▶ Your task
The response should be the records below, repeated exactly, with each picture left out.

[Brief descriptive captions]
########
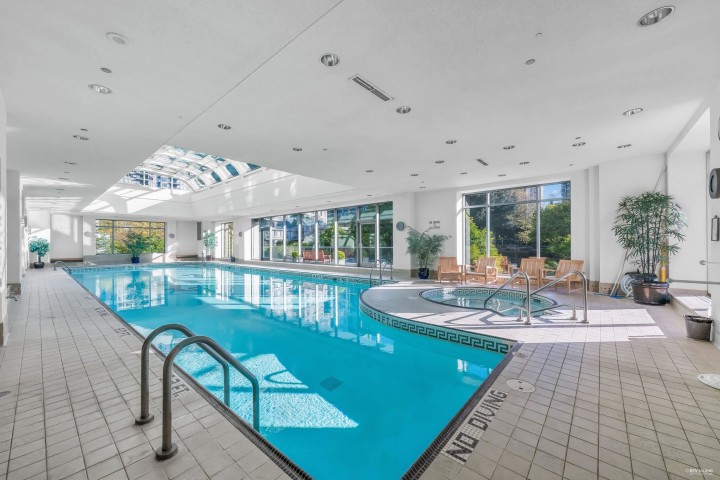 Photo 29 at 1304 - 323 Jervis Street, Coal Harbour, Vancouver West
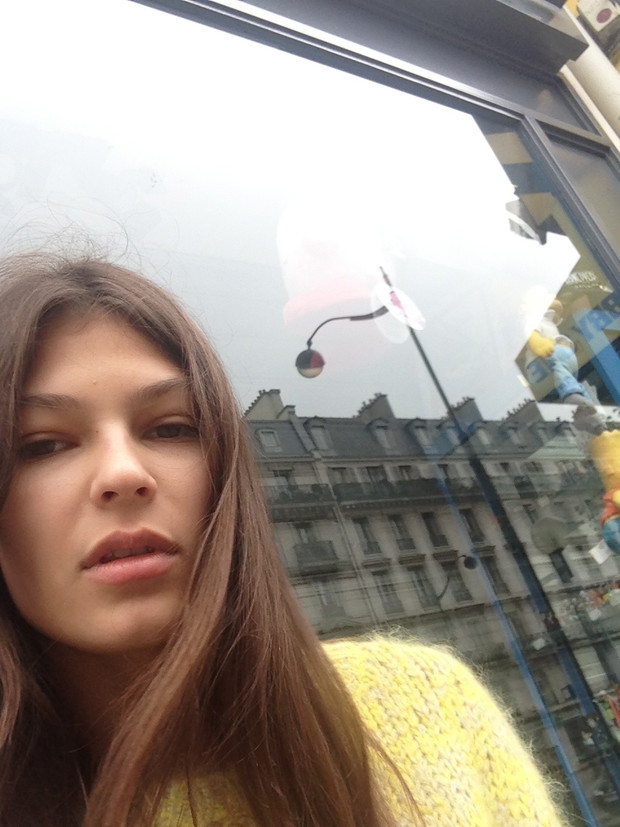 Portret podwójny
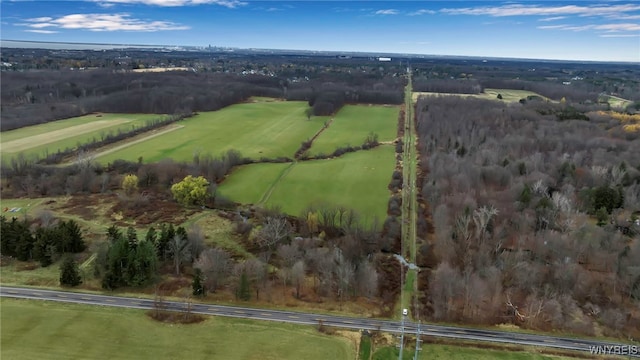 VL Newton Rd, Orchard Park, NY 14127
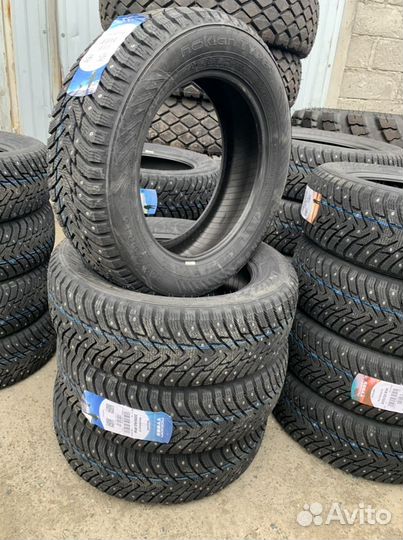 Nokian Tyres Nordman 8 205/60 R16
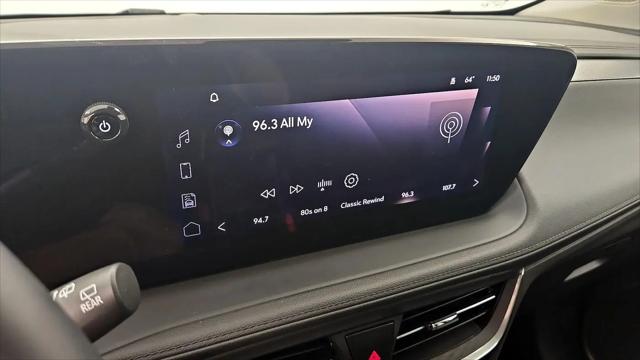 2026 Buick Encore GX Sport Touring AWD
########
▶ Finished exercise
 Photo 29 at 1304 - 323 Jervis Street, Coal Harbour, Vancouver West
 Portret podwójny
 VL Newton Rd, Orchard Park, NY 14127
 Nokian Tyres Nordman 8 205/60 R16
 2026 Buick Encore GX Sport Touring AWD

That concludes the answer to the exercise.